Could Detroit Host Another Super Bowl?

facebooktwitterreddit

Photo Credit: Raj Mehta-USA TODAY Sports

Prior to Super Bowl XLVII I was thinking back to the week leading up to Super Bowl XL and hoped that the Super Bowl would one day return to Detroit. The Motor City will never be in the league’s preferred rotation of New Orleans, South Florida and Arizona, but it would be nice to know that hosting Super Bowl XL was more than a token gesture to help get Ford Field built.

Maybe it is naive to believe, or even hope, that Detroit has a chance to host a future Super Bowl without the allure of a new stadium. After all, the NFL employs two powerful tactics when trying to get public money to finance stadium construction or major renovation projects: the threat of relocation and the Super Bowl.

Future Super Bowls will be spread between cities that see sun in early February and those that undertake large stadium projects. That seems to leave Detroit out in the cold.

The possibility of Detroit hosting another Super Bowl was among the topics Tom Lewand commented on yesterday. Here is the meat courtesy of Dave Birkett of the Detroit Free Press:

"I think that that’s something that has really become more of a community effort and a regional effort than it was when we hosted in 2006. Is that something that we would be interested in participating in if the community was interested? Absolutely. But again, there’s a lot of work that would have to be done on that front. There’s a lot of commitments that are out there already for Super Bowls and ones where new stadiums are coming online, where those communities are going to really be interested and I would think the NFL would be interested in treating them much as we were treated back in ’06."

I tend to be an optimistic person but I’m not reading the quote and finding much to grasp on to believe another Super Bowl is coming to Detroit any time soon.
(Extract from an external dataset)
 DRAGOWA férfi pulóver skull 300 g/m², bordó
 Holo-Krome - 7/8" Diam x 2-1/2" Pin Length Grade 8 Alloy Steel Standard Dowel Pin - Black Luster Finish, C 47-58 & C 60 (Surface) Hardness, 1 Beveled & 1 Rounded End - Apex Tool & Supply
Super Bowl hosts have already been awarded through 2016 and Detroit is not being considered for the 2017 and 2018 Super Bowls that will be awarded this spring. If you’re looking for Detroit to make a bid for 2018, consider that the new stadium in Minneapolis would likely be given preference. That being the case, how favorably would the NFL view two Super Bowls in cold weather cities within even a few years of each other? Not very.

Lewand’s comments make it obvious that any future effort to land a Super Bowl will have to be community-driven. Detroit has a lot of issues to worry about attention can be diverted to chasing a Super Bowl.

Is there a chance Detroit hosts a Super Bowl in the next decade? Never say never but to me, it looks like a Lloyd Christmas type chance than something the fine people of Southeast Michigan should start anticipating.